- Exercise prompt
Pictures aside, the output must consist of the lines from the one containing "Capitulo 8.1 page 11" through the end of the data, reproduced exactly.

- Input for this task
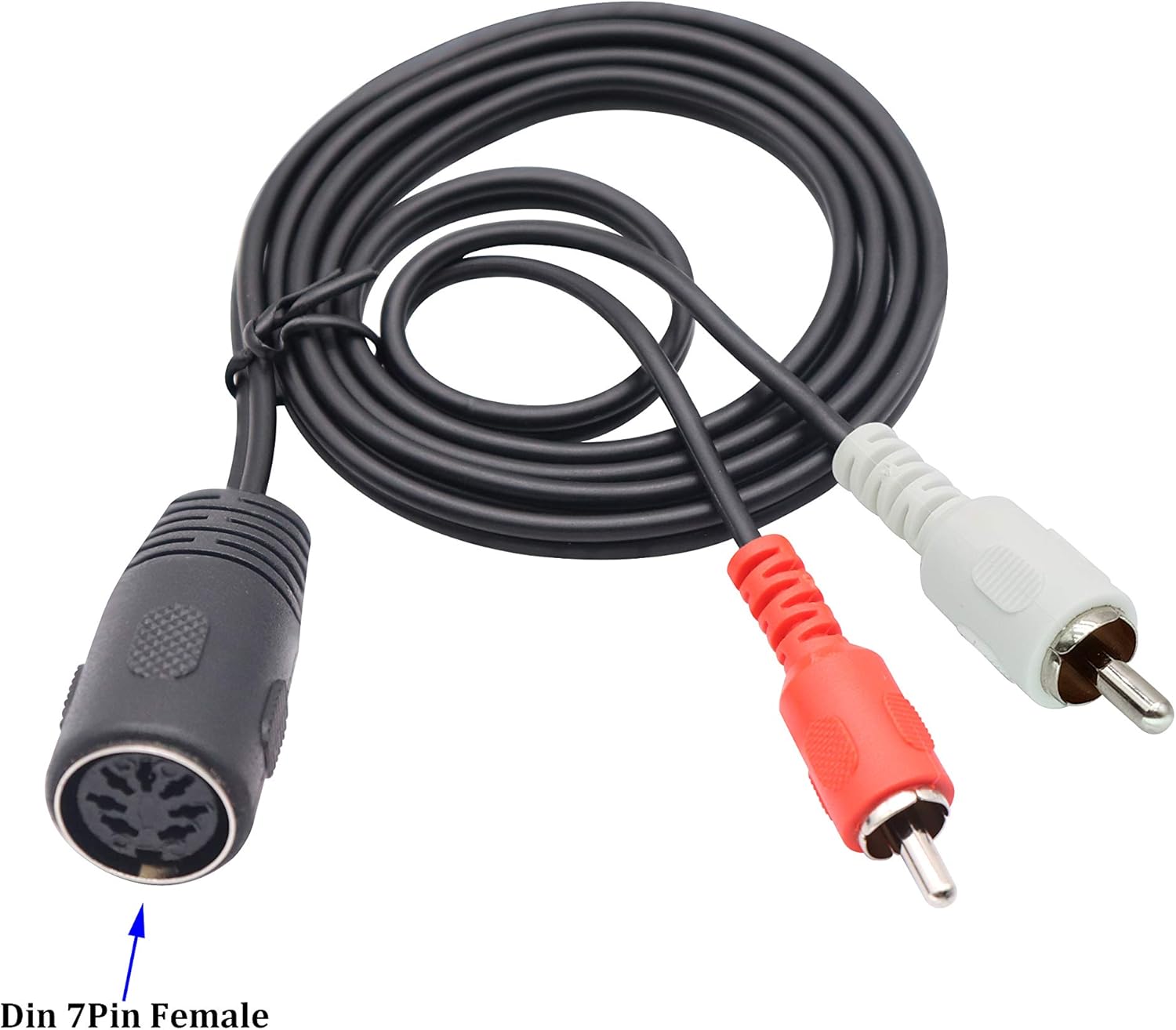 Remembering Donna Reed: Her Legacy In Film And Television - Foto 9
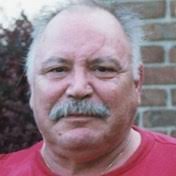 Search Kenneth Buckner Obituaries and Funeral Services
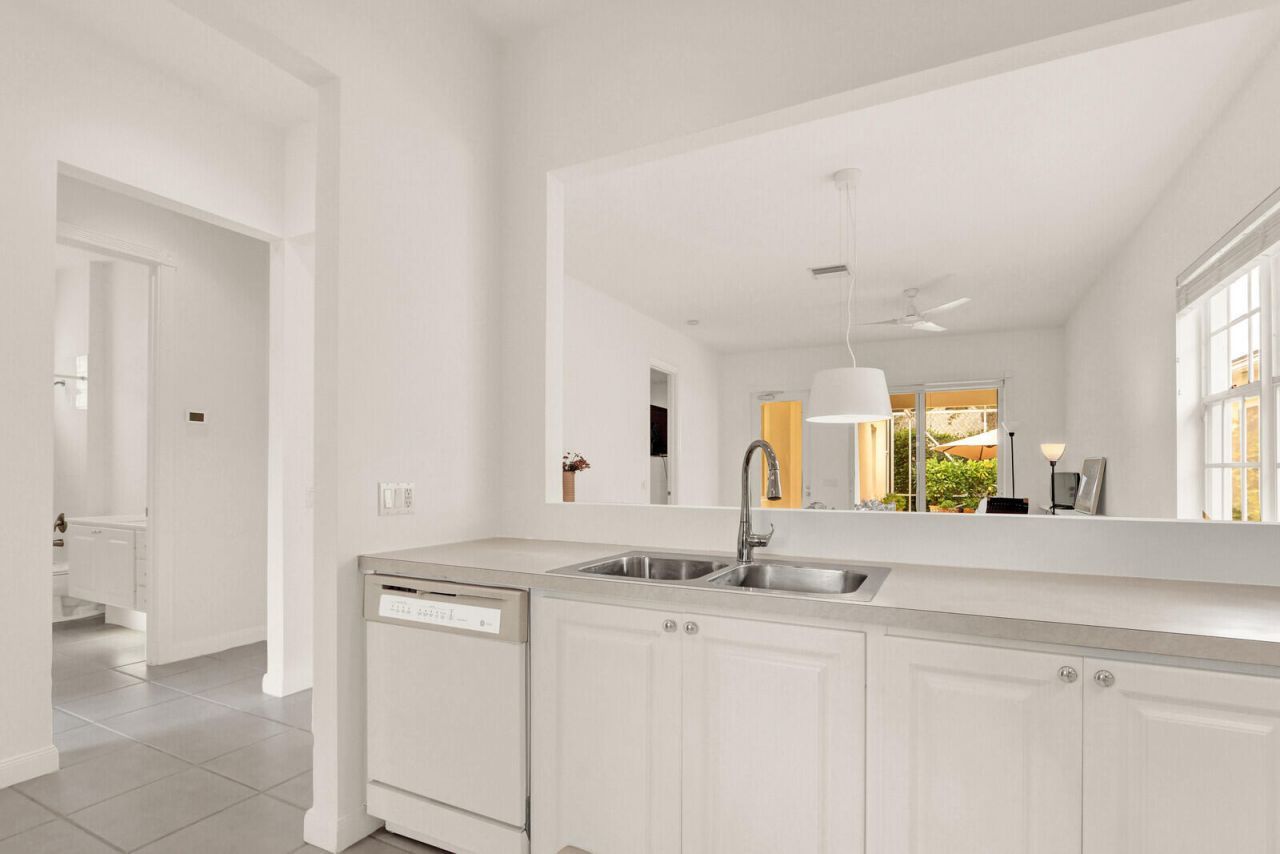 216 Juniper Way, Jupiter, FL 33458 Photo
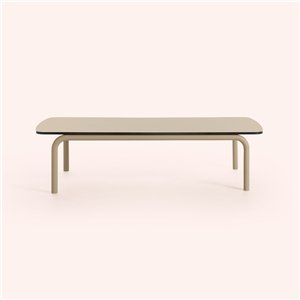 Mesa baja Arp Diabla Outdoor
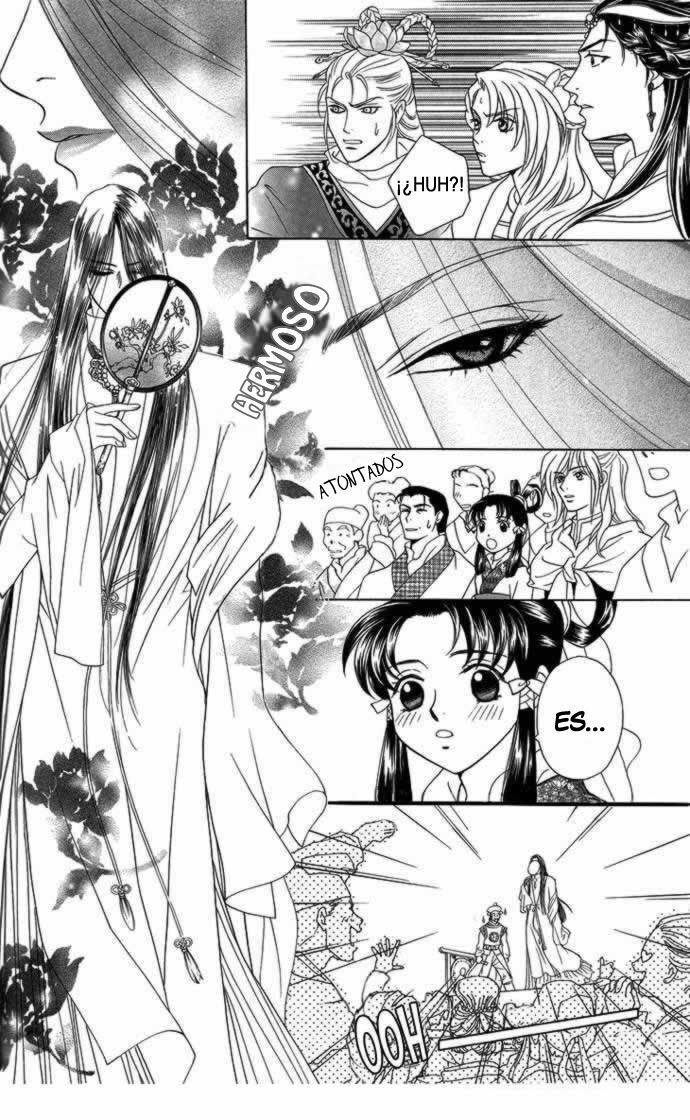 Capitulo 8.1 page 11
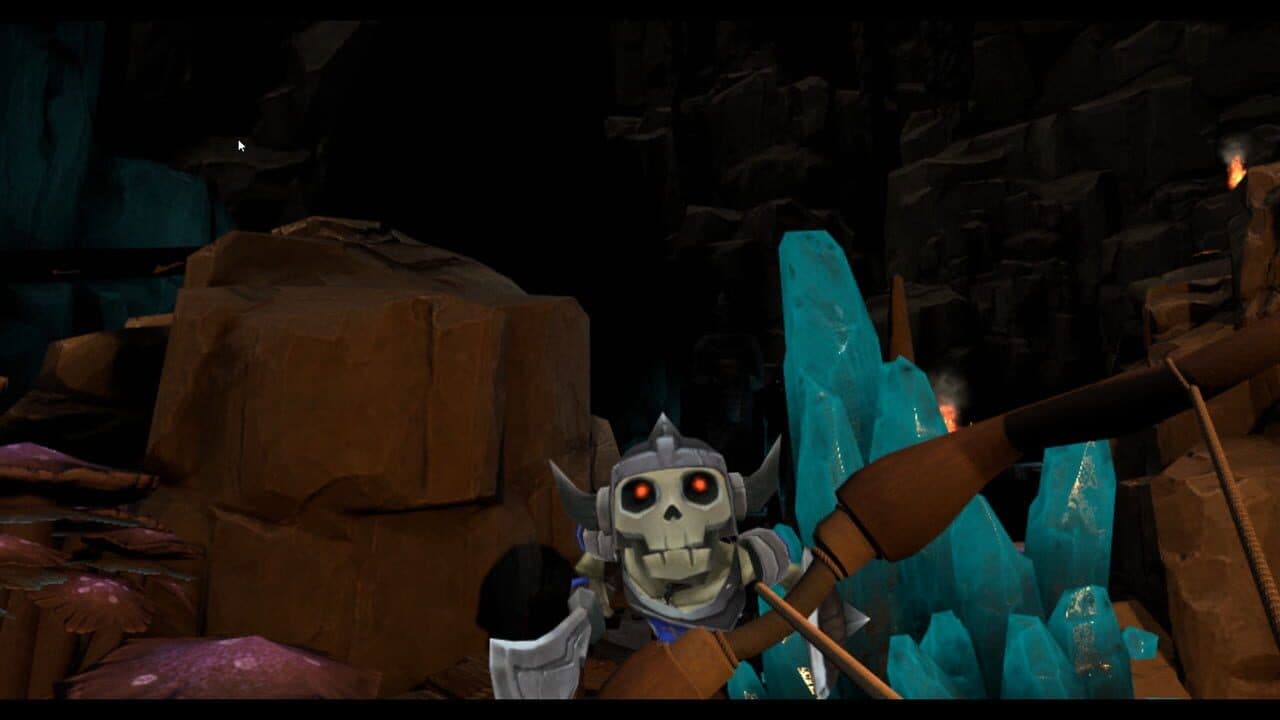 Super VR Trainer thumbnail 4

- Answer to the problem
 Capitulo 8.1 page 11
 Super VR Trainer thumbnail 4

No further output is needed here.